The day James Cameron was asked to deal coke on set
“But I didn’t do drugs! For me, coffee was more than enough!”
Before TitanicBefore Avatarbefore records, Oscars and budgets that look like GDPs… James Cameron knew another school: that of broke B series.
The director’s first big job in Hollywood was that of production designer on Roger Corman’s science fiction film, The Space Mercenaries (Battle Beyond the Stars in original version) released in 1980. Guest this week on the show In Depth with Graham Bensingerthe filmmaker explains that he was promoted after the dismissal of the previous production designer. “He couldn’t design and build the sets in time.” remembers James Cameron. The schedule was hellish, it was like laying tracks in front of a speeding train. They saw that I was someone who wasn’t afraid to stay up late, that I had a good artistic sense and that I knew how to draw. They had no idea I had management skills.”
James Cameron took office two weeks before filming began. “No set was designed or constructed.”he says. “I was like, OK, I’m jumping in the fire. Okay, I’m doing it.” And obviously, we offer it to him at 4 a.m….
Except that the chaos, on the first day, takes a very concrete form: a production manager welcomes him and spreads out the entire filming survival kit on the table.

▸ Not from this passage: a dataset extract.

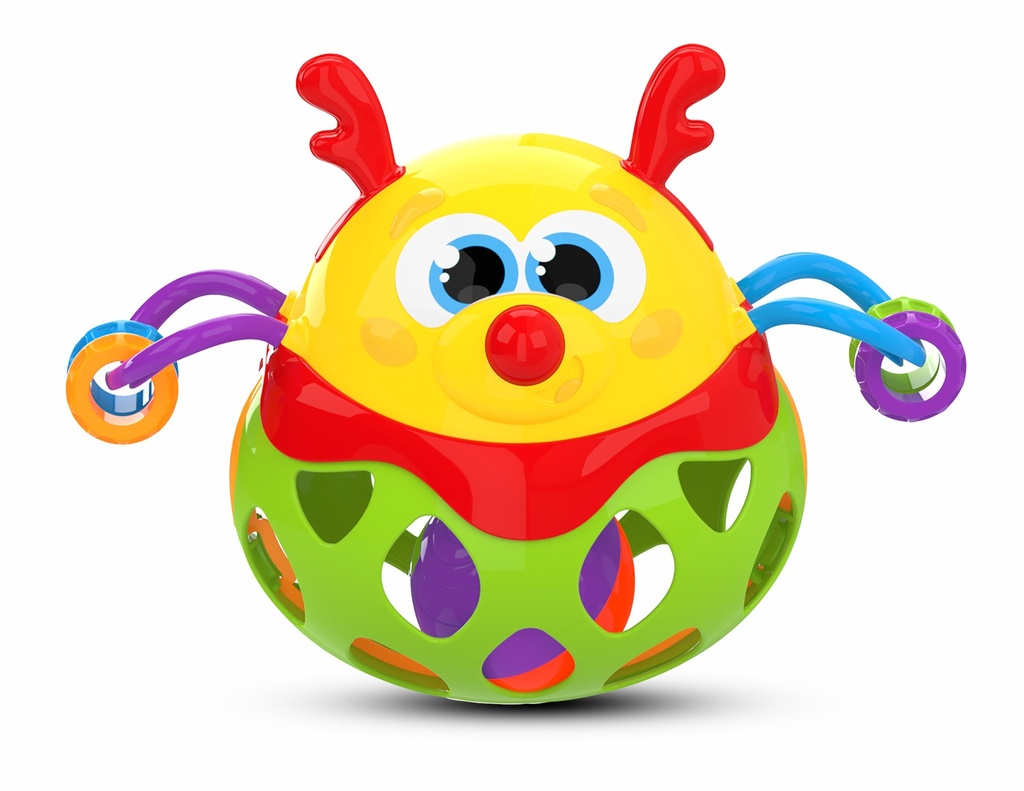 ANIMALITO C/SONAJERO ART JP0306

“He says to me: ‘OK, here’s your cash receipt… here’s this, here’s that… here’s the night shift list… here’s the day shift… OK, here’s your Black Beauties. Here’s your coke…’

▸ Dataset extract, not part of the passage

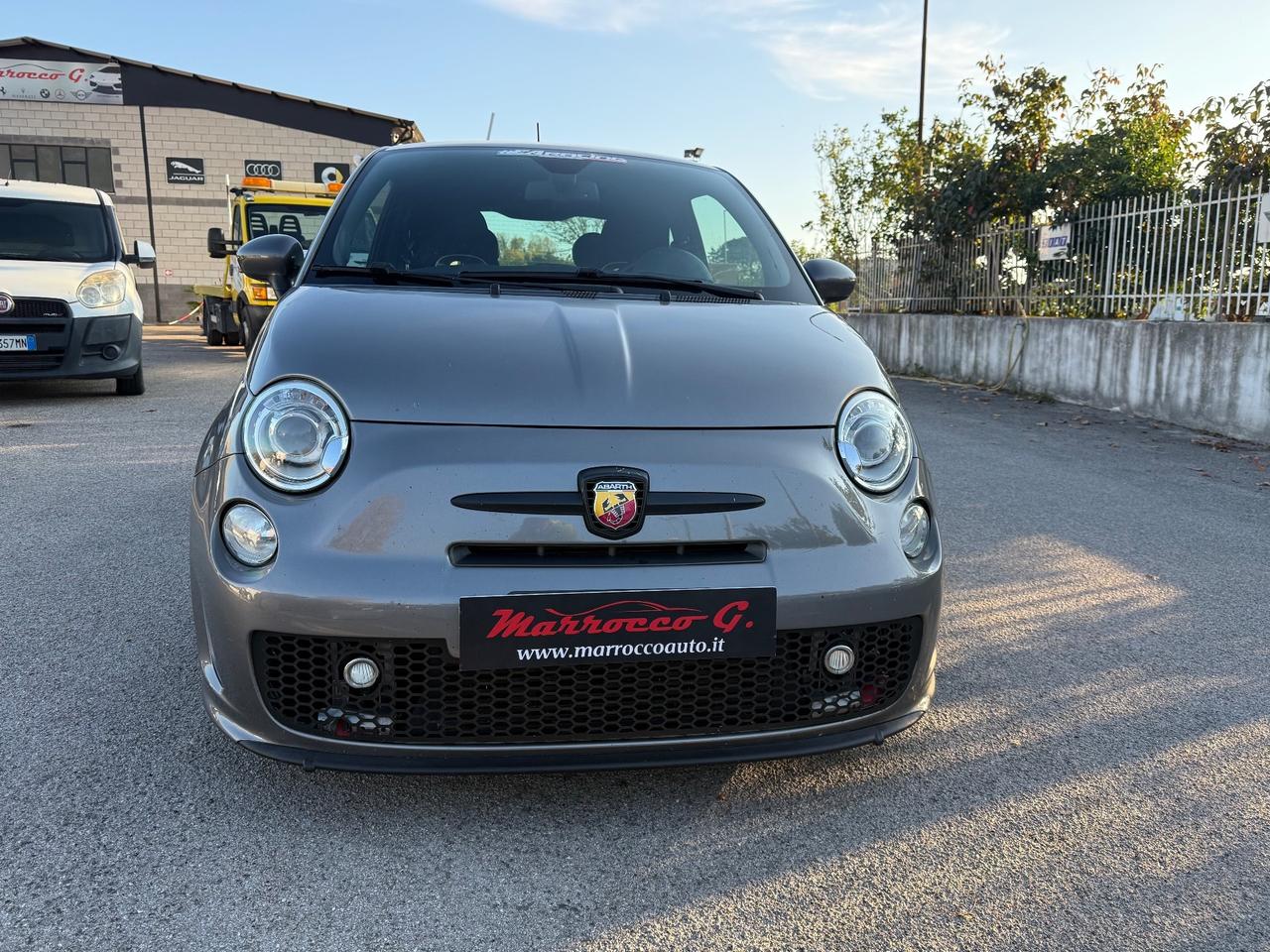 Abarth 595 1.4 Turbo T-Jet 140 CV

Amphetamines, cocaine, placed quietly next to the service sheets, like usual equipment to keep up the pace of a production.
James Cameron doesn’t even understand what he’s supposed to do with this:
“I’m like, ‘Wait… what do I do with this thing?’ I didn’t do drugs. For me, coffee was more than enough.”

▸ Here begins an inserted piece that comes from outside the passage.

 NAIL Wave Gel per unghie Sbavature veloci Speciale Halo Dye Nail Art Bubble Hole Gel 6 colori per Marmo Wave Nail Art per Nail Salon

Except that the manager reassures him: it’s not for him. It’s for…the team.
“He said to me: ‘Well you have to distribute it to the team.’”
The future filmmaker realizes the total absurdity of his new promotion: “So I just became a drug dealer, I think?”
A completely hallucinated micro-budget logic, where the fuel on the plateau is not called “bonus” or “overtime”, but “white powder”.
“In that world, that’s how it worked“, he summarizes. “Basically: you’ll work for coke! It was nonsense.”
Obviously, if James Cameron says this, it is because he refused to play the drug dealer. He passed the mission on to a subordinate:
“I gave everything to my assistant artistic director. I told him: ‘You manage this!’ And the assistant knew very well what to do. He said to me: ‘I know how it works. Don’t worry. I’ll take care of it.'”
And obviously, it was better not to miss out on the distribution of coke:
“He distributed in a fairly fair and balanced way… And apparently, in this business, you are judged as an artistic director by how fairly you distribute the drugs…”
A Hollywood of the 1980s that the Canadian hardly liked. He admits today: “I didn’t want to play that game. It wasn’t my thing.”